The listing below should be reproduced precisely, except for its images.
═════ Provided entries
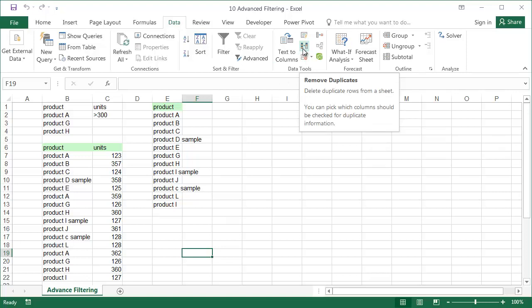The usefulness of the advanced filter is more evident when we work on larger and more complex tables. Many filter options also offer pivot tables.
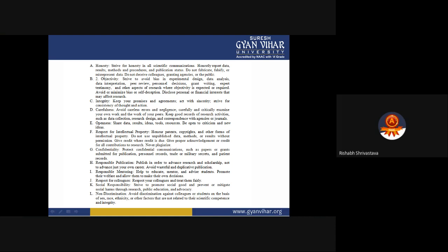Confidentiality: Protect confidential communications such as papers or grants submitted for publication, personal records, trade or military secrets, and patent records. It is important to have good confidentiality rules. It is wrong to inform others about another's work without their permission.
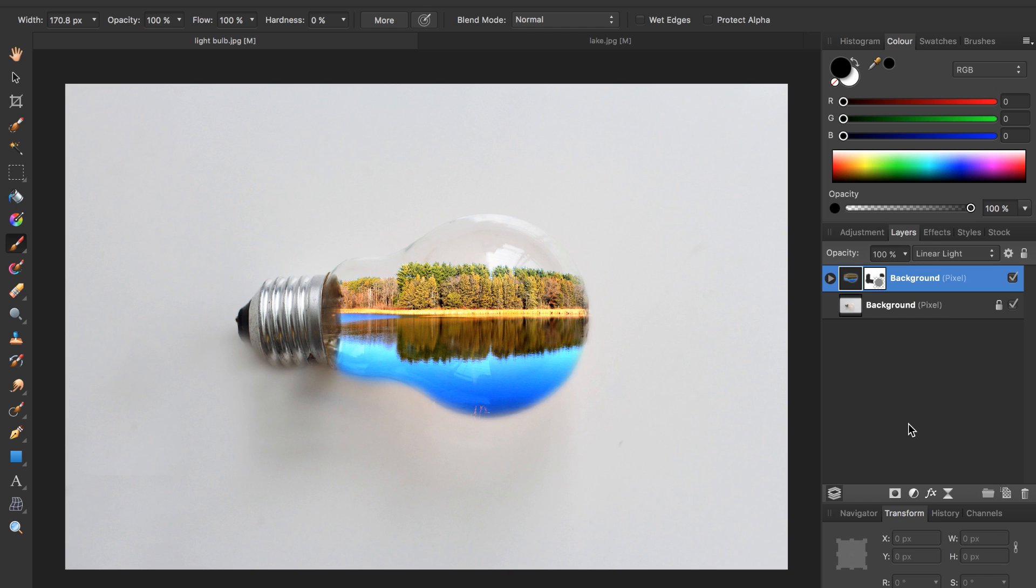Isn't that a beautiful light bulb? If you want to see more fun tutorials be sure to subscribe to our channel. So hit that subscribe button and I'll see you in the next Affinity Revolution tutorial.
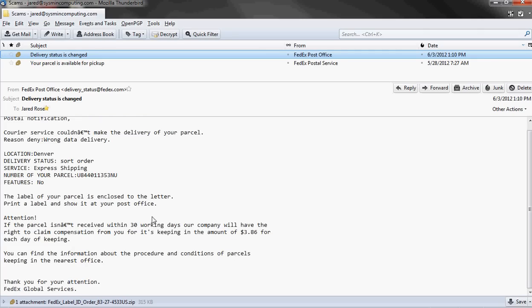All of these things should tell us this is a scam. We should not act on this. Let's say you want to be sure you're really worried about this. First thing you can do, of course, is call up FedEx and say I got this email. Is this legit? And they'll most likely say no, it's not. Don't worry. But let's show you some of the more advanced things that you can do also.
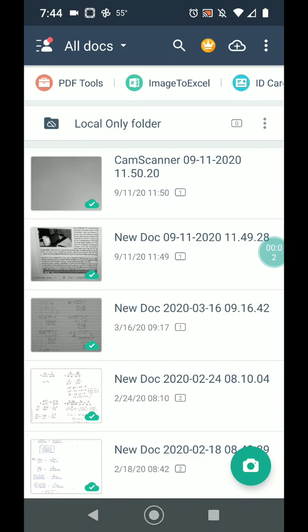All right, so this is a quick tutorial on how to use the most recent version of CamScanner if you're having difficulty scanning to a PDF.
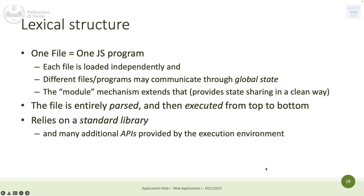JavaScript relies on standard libraries, and there are some differences between what the browser provides and what Node.js provides. For example, in Node you can open a file on your computer, but in a browser you generally cannot because the browser is a protected environment. Conversely, from a browser you can access the webcam through JavaScript, but probably not from Node. So the standard language is the same, but the APIs provided by the execution environment differ.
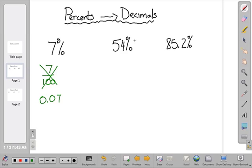Let's give that a try with 54%. The decimal point is right here at the end of the 4, and if we're going to divide by 100, or move the decimal point twice to the left — 1, 2 — it's going to end up in front of the 5. So our answer is going to be 0.54, or 54 one-hundredths.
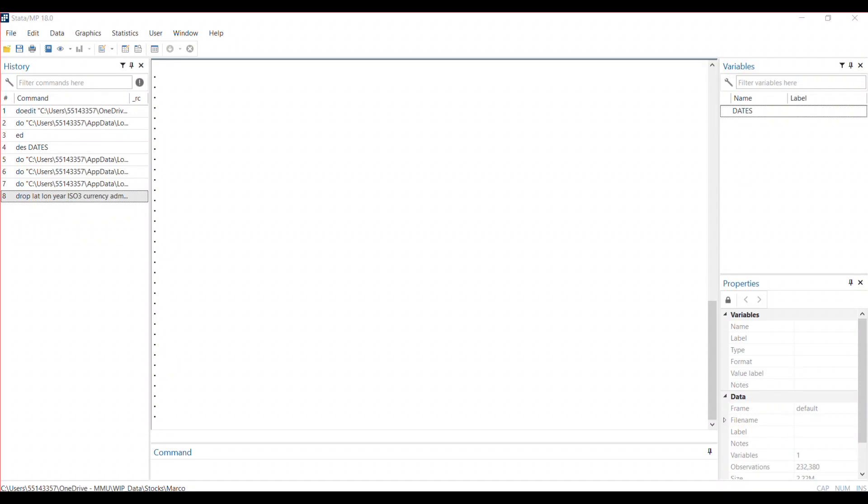Welcome to my channel called Econometrics. Today I'm going to walk you through a short video on how to extract monthly data, or the months of the year, from a dataset that contains a time variable.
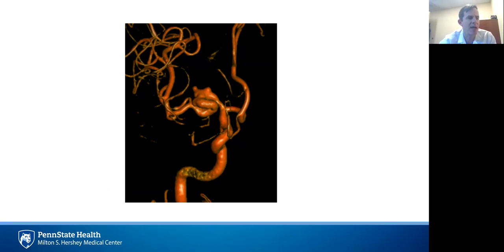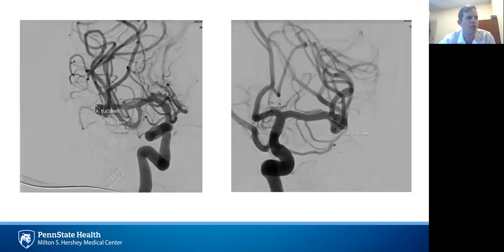A few points make MCA aneurysms challenging for flow diversion. First, many MCA aneurysms such as these occur at the bifurcation, often making surgical management or traditional coiling more straightforward than flow diversion. Consequently, flow diversion is more often used in the MCA in cases of non-bifurcation aneurysms, such as in this case, giant partially thrombosed aneurysms, blister aneurysms, or recurrent aneurysms.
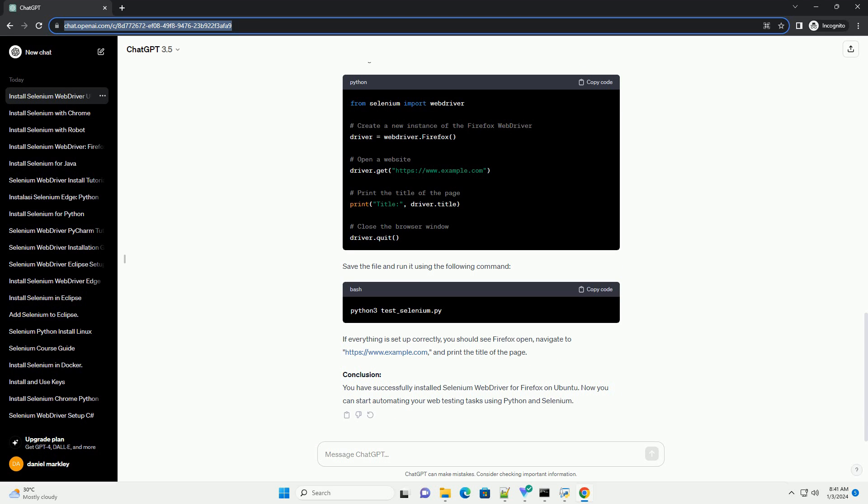Replace version with the version you want to download, example 0.30.0. Extract the downloaded file.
══════════
**Task solution**.
The usefulness of the advanced filter is more evident when we work on larger and more complex tables. Many filter options also offer pivot tables.
Confidentiality: Protect confidential communications such as papers or grants submitted for publication, personal records, trade or military secrets, and patent records. It is important to have good confidentiality rules. It is wrong to inform others about another's work without their permission.
Isn't that a beautiful light bulb? If you want to see more fun tutorials be sure to subscribe to our channel. So hit that subscribe button and I'll see you in the next Affinity Revolution tutorial.
All of these things should tell us this is a scam. We should not act on this. Let's say you want to be sure you're really worried about this. First thing you can do, of course, is call up FedEx and say I got this email. Is this legit? And they'll most likely say no, it's not. Don't worry. But let's show you some of the more advanced things that you can do also.
All right, so this is a quick tutorial on how to use the most recent version of CamScanner if you're having difficulty scanning to a PDF.
JavaScript relies on standard libraries, and there are some differences between what the browser provides and what Node.js provides. For example, in Node you can open a file on your computer, but in a browser you generally cannot because the browser is a protected environment. Conversely, from a browser you can access the webcam through JavaScript, but probably not from Node. So the standard language is the same, but the APIs provided by the execution environment differ.
Let's give that a try with 54%. The decimal point is right here at the end of the 4, and if we're going to divide by 100, or move the decimal point twice to the left — 1, 2 — it's going to end up in front of the 5. So our answer is going to be 0.54, or 54 one-hundredths.
Welcome to my channel called Econometrics. Today I'm going to walk you through a short video on how to extract monthly data, or the months of the year, from a dataset that contains a time variable.
A few points make MCA aneurysms challenging for flow diversion. First, many MCA aneurysms such as these occur at the bifurcation, often making surgical management or traditional coiling more straightforward than flow diversion. Consequently, flow diversion is more often used in the MCA in cases of non-bifurcation aneurysms, such as in this case, giant partially thrombosed aneurysms, blister aneurysms, or recurrent aneurysms.
Replace version with the version you want to download, example 0.30.0. Extract the downloaded file.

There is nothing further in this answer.